- What the task requires
Each line below containing the word "Unit" needs to be shown.

<<<<

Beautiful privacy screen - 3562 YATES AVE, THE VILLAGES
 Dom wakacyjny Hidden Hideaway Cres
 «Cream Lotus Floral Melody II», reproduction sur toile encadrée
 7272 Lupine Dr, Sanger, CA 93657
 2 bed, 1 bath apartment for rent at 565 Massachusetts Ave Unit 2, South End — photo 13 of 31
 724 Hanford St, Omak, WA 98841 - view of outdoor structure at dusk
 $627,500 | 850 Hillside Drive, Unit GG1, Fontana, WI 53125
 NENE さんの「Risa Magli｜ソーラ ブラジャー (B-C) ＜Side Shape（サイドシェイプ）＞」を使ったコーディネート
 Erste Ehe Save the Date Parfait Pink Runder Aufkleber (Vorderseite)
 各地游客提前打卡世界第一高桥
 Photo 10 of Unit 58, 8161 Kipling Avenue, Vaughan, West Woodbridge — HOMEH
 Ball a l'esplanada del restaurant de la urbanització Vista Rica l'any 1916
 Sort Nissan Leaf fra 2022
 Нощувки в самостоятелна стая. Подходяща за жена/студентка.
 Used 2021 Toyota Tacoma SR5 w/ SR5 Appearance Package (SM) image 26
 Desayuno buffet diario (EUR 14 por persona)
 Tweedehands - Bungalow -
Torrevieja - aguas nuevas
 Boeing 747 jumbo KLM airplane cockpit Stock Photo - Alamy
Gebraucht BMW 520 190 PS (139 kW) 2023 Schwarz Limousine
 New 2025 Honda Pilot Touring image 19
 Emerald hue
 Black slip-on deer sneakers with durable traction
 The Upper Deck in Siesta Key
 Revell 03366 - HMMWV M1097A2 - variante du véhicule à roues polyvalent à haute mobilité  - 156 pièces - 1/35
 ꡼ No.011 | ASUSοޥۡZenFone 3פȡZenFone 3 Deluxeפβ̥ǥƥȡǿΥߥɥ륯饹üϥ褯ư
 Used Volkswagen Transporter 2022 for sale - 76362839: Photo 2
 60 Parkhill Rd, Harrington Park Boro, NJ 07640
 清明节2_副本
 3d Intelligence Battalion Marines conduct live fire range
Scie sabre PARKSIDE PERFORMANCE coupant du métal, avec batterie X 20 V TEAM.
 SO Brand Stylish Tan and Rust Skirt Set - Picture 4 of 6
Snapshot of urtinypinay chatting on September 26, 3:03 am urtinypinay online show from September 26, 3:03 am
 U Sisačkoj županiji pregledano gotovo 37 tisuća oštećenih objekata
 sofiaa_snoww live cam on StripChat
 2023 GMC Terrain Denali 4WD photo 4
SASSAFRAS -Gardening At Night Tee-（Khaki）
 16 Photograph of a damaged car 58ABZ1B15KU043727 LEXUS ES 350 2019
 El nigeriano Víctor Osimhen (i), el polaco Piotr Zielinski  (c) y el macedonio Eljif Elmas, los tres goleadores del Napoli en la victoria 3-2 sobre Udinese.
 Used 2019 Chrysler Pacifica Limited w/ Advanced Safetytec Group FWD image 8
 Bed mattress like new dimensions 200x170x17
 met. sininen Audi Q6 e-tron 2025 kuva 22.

>>>>

- Reply to the task
 2 bed, 1 bath apartment for rent at 565 Massachusetts Ave Unit 2, South End — photo 13 of 31
 $627,500 | 850 Hillside Drive, Unit GG1, Fontana, WI 53125
 Photo 10 of Unit 58, 8161 Kipling Avenue, Vaughan, West Woodbridge — HOMEH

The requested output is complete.